The good: the author has some excellent historical material on Bachelier, MFM Osborne and Ed Thorp, who are (mostly) unrecognized giants in the field. I learned a few things, and think the author had some real insights into the contributions made by these men. Frankly, I'd have bought the book for the Thorp and Osborne anecdotes. Someone really needs to do an authorized biography of Thorp, and one of Osborne would be pretty neat as well. Some of the material on Mandelbrot and the prediction company guys was also amusing, though I have always considered these folks overrated.
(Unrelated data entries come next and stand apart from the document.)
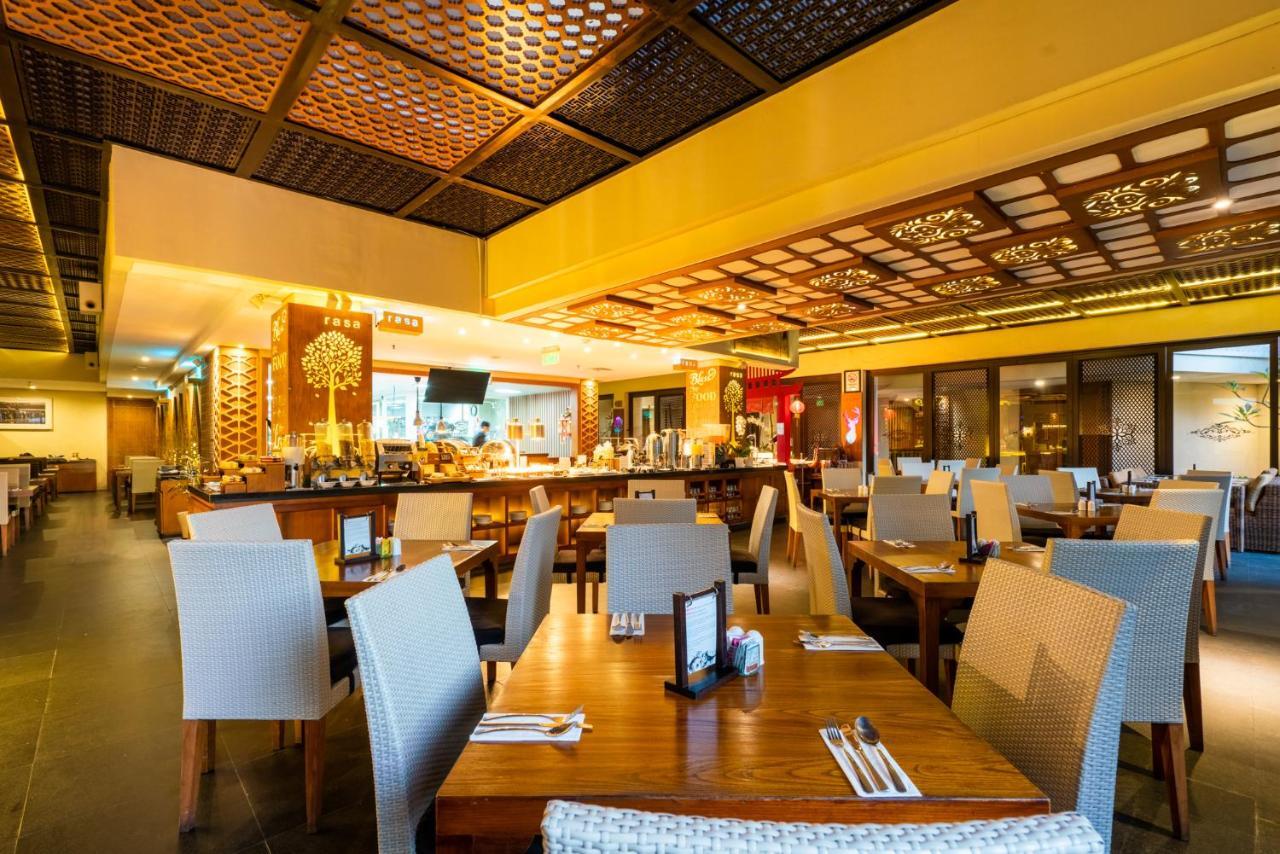 Vouk Hotel And Suites Nusa Dua  Luaran gambar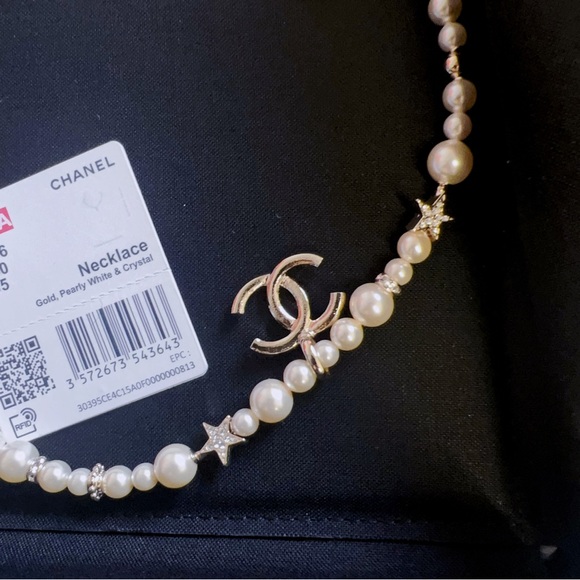 Chanel chocker necklace - Picture 4 of 4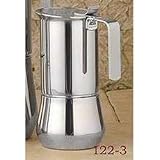 3 Cup Stainless espresso coffee machine specials of the day 31BghEHUJiL._SL160_ - 3-Cup Stainless - espresso-coffee-machine-specials-of-the-day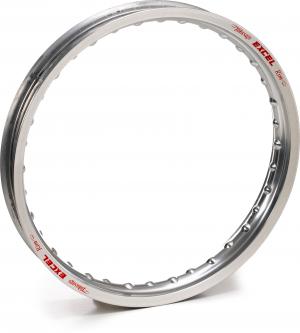 Excel voorvelg ( voor 32 spaken ) Zilver 17x1.40 Suzuki RM 80/85 & Yamaha YZ 80/85 & KTM/Husqvarna/Gas Gas 85cc
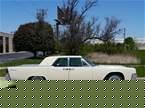 1963 Lincoln Continental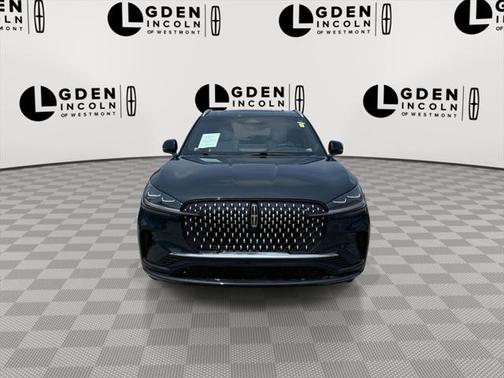 2025 Lincoln Aviator Black Label AWD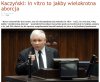 Teorie tego człowieka to niekończąca się wiocha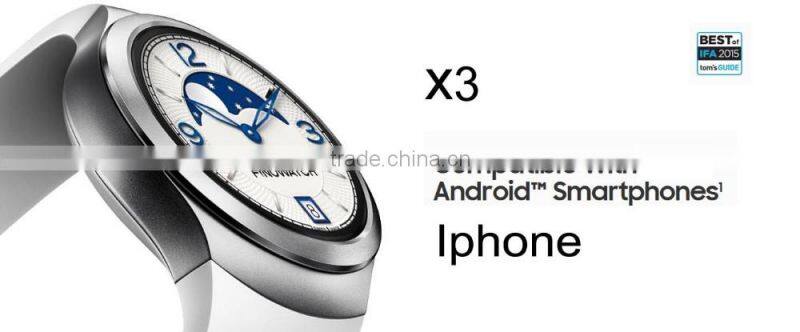 smart watch 2016 bluetooth 4.0 smart watch heart rate monitor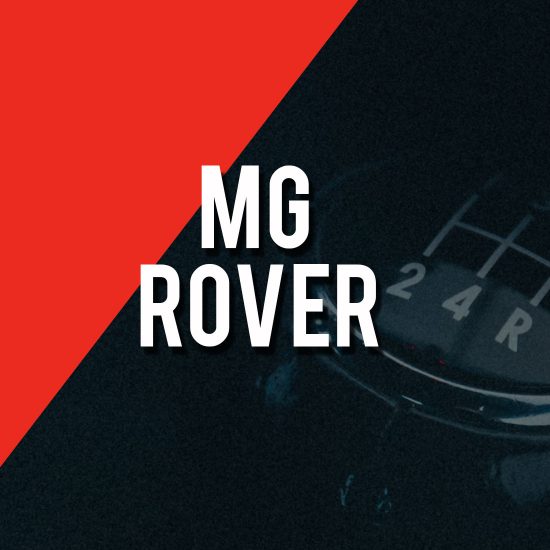 MG Rover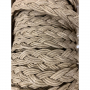 Tresse nattée en papier renforcé 3x3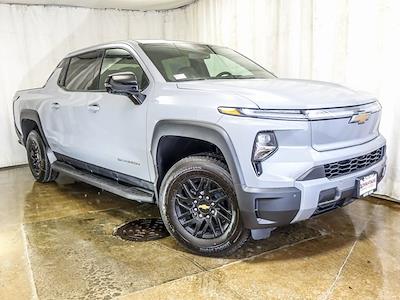 New 2025 Chevrolet Silverado EV LT Crew Cab AWD Pickup for sale #54968 - photo 2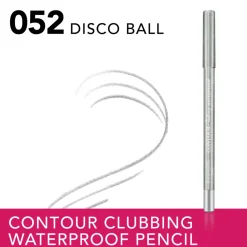 Best Contour Clubbing Waterproof Oogpotlood Disco Ball 52 1.2 gr Oogpotlood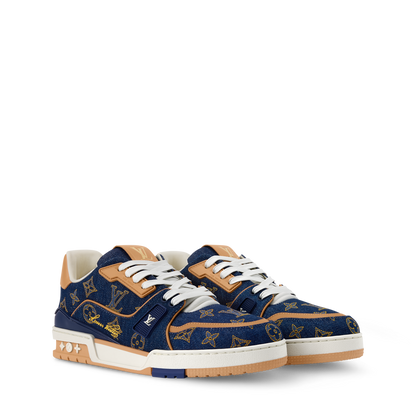 LV Trainer Sneaker 1AJ360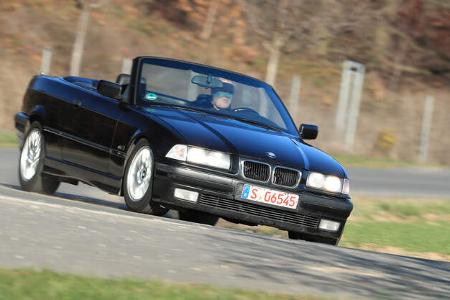 BMW 3er E36 Cabrio 328i Youngtimer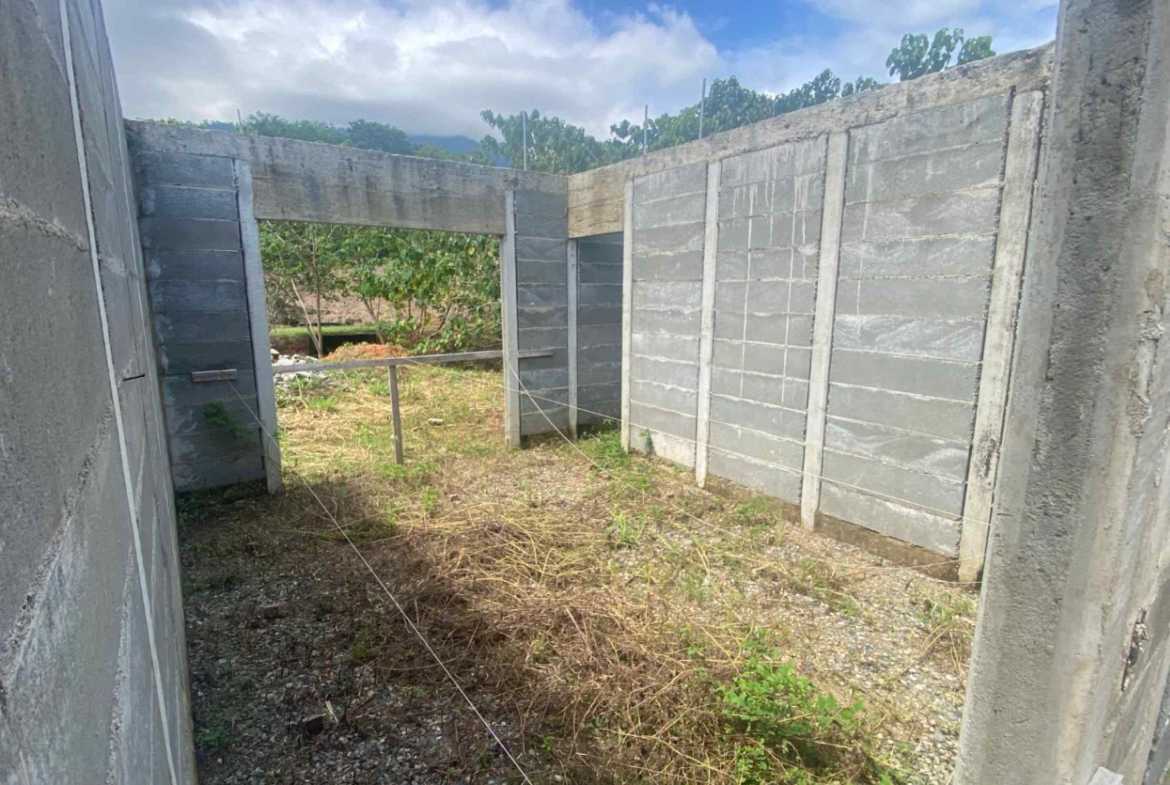 Unfinished Modern 3-Bedroom Villa with Valley Views & Pool Foundation, photo 11 of 21
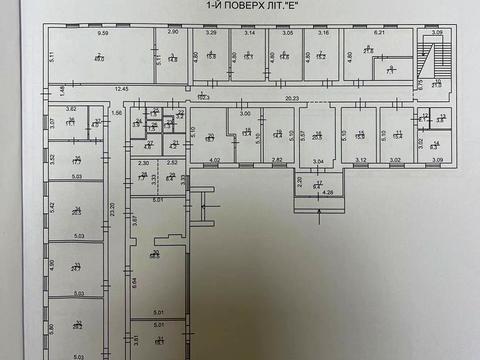 комерційна за адресою Павла Скоропадського вул., 63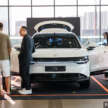 Zeekr 009 MPV and 7X SUV offered with free 22 kW wallbox charger and premium window tint at ACE 2025
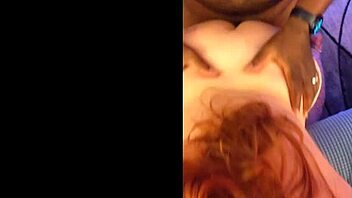 Hotwife Steffi Periwinkle Bangs Pussy in Dirty Dance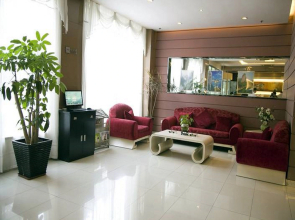 Jinjiang Inn Wenzhou Railway Station Branch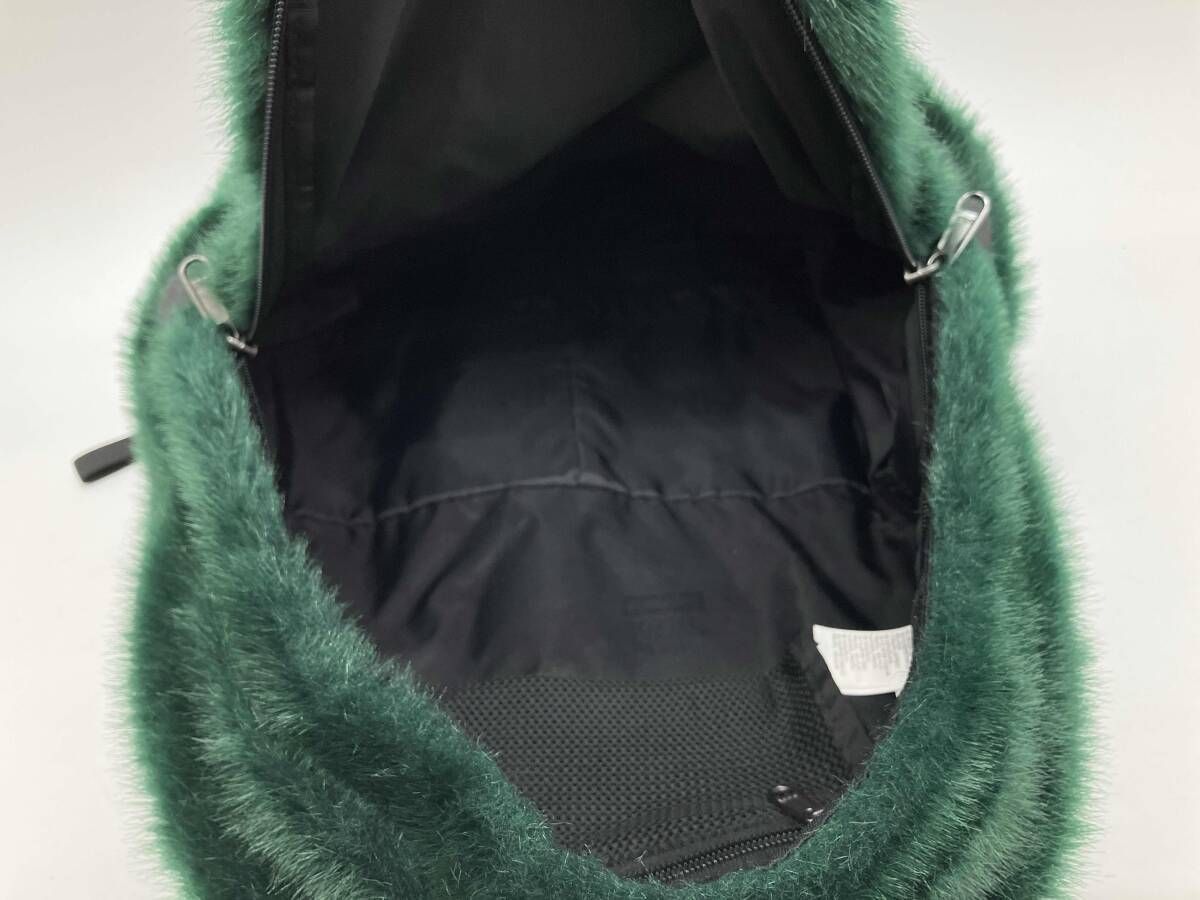 THE NORTH FACE Supreme Faux Fur Backpack ノースフェイス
This book is extremely well written, and despite the problems I had with it, I found myself enjoying the reading.

The bad: The subjects of this book are not all people a working practitioner of finance would have chosen. Most of subjects of the book are *known.* Many practitioners of finance (and physics) are only famous because they like publicity and talking to journalists, or because there is somehow a popular book associated with them. I mentioned Mandelbrot and the prediction company guys above: these are accomplished, interesting and talented men. Do they belong in the same league as Ed Thorp or MFM Osborne? I think they'd agree the answer to this question is "no." I've read most of the popular books the author used as raw source material, so most of this book wasn't new. He did reach out to some of the protagonists, and managed to dig up a few things I wasn't familiar with, but the meat of this book exists in several other books out there. Not that there is anything wrong with that; it summarizes about a dozen other books, and does so with considerable style.